Look at the following verses and see what principles you can discover about the role of a shepherd and a servant. How does this help you to understand your job?

  • John 10: 11-27
  • 1 Peter 5:2-4
  • Psalm 78:70-72
  • Ezekiel 34:2-6
  • Isaiah 40:10
  • Mark 10:45
  • John 13:3-15


A mentor is someone who is committed to the success of another – even if or when that person passes him by. A mentor is a tutor, a guide, a coach, an encourager. Moses had his Joshua, Barnabas had his Paul, Paul had his Timothy. The story is told of a company president who was hired and at the same time was given a matreshka doll from Russia – six wood-carved dolls nesting one inside the other. Attached was a note. “If you hire people with less ability than you have, we will become a company of midgets. If you hire people with greater abilities than you have, we shall become a company of giants.


You cannot effectively minister to your staff as their supervisor. You must minister as a friend. The greater the relationship, the greater the impact. A friend looks after the good of his friends. A true friend never uses his friends. Friends talk about other things besides the ministry. Demonstrate genuine care and concern. Spend adequate time together.

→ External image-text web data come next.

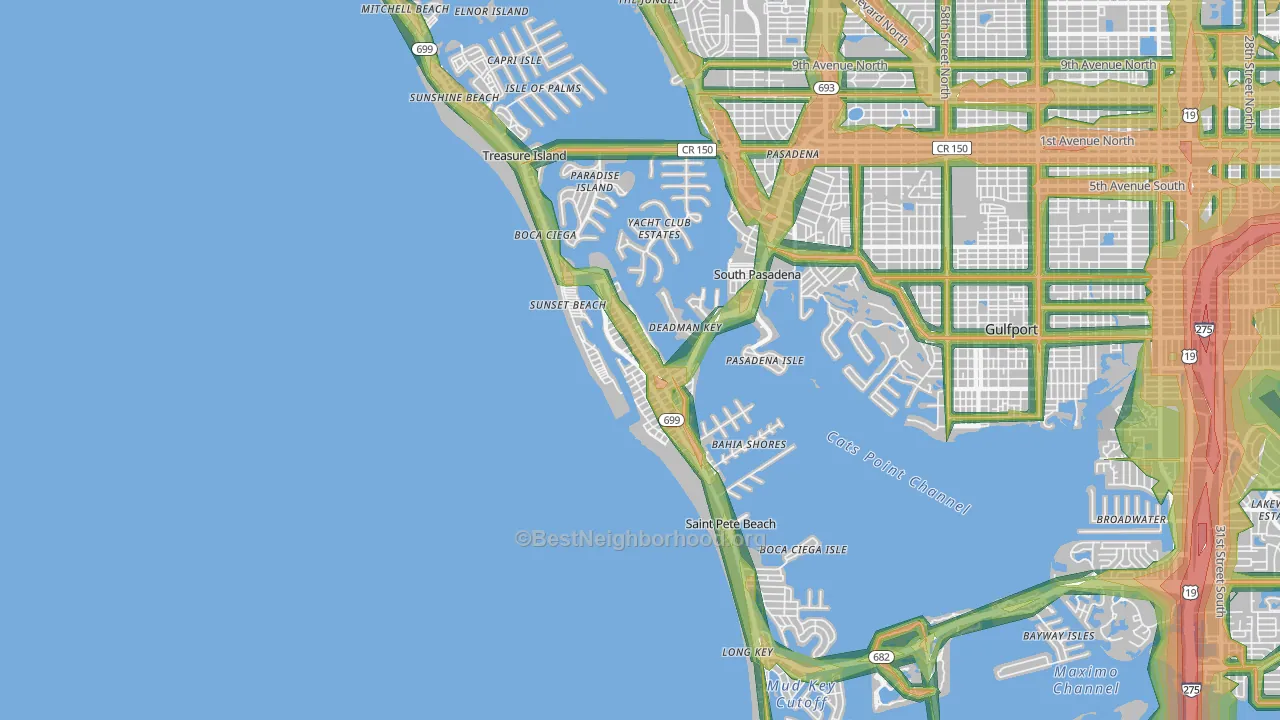 33706, FL Map of Noise Levels in 33706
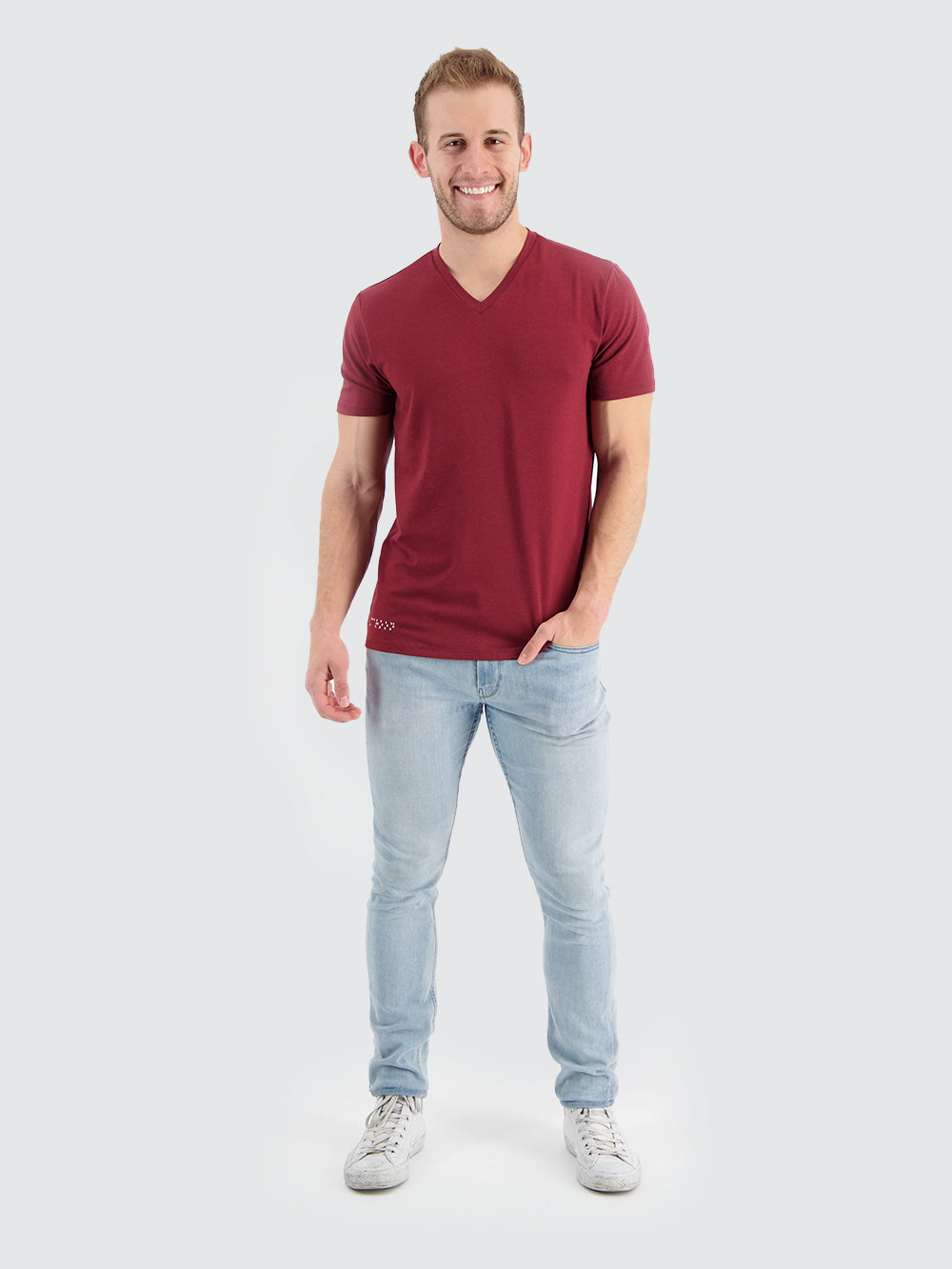 Two Blind Brothers - Mens Men's SS V-Neck Tee Maroon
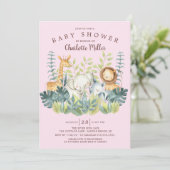 Oerwoud Dieren Meisjes Baby shower Kaart (Staand voorkant)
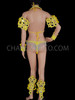 Yellow Sequin and Beaded Brazilian Lingerie Set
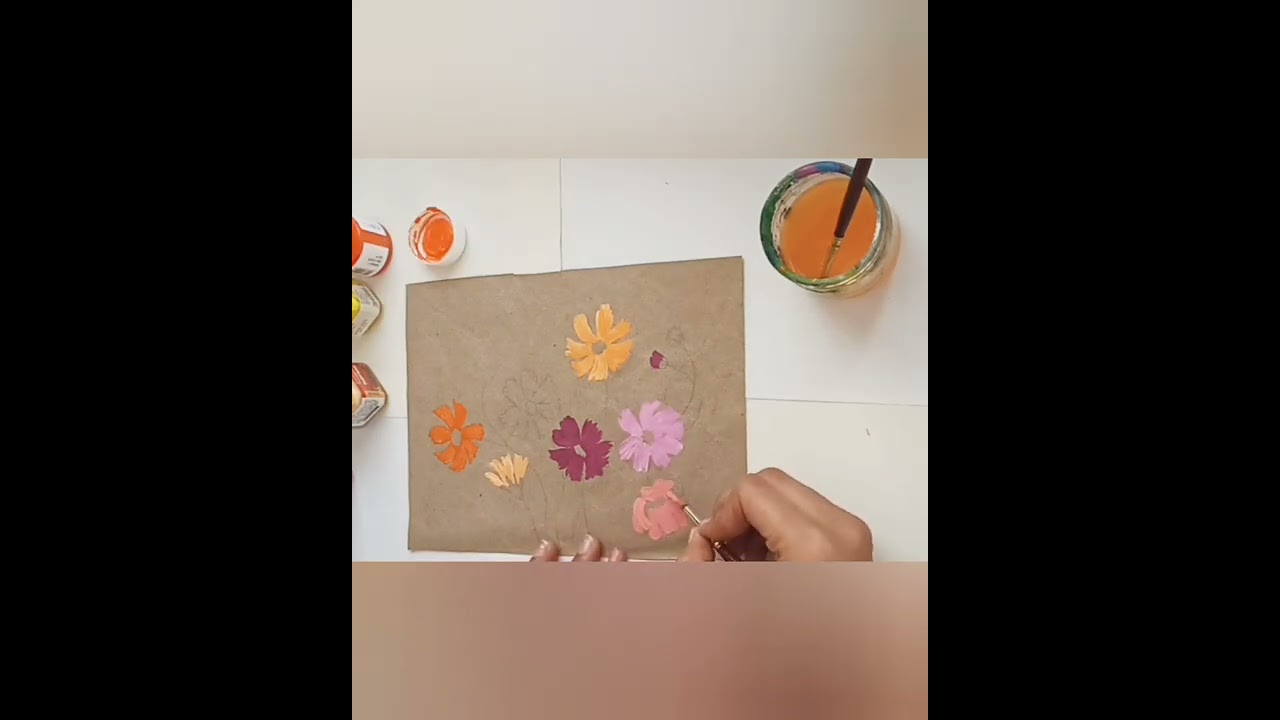 Painting on brown paper 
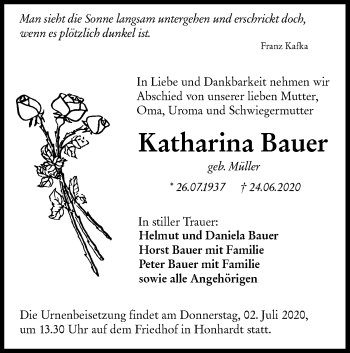 Traueranzeige von Katharina Bauer von Hohenloher Tagblatt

Former director, Kent Mulkey has well stated that with the staff team, as with children, “quantity time eventually becomes quality time.” You communicate availability by being available. “I’ve got an appointment right now, but in my first open spot, let’s get together. How’s 2 o’clock?” You minister best to your staff by being yourself – be real. We like our friends, certainly not because they are perfect, but because they are themselves. It’s O.K. for you to let them see you struggle and fail. It’s what you do with those struggles and failures that counts.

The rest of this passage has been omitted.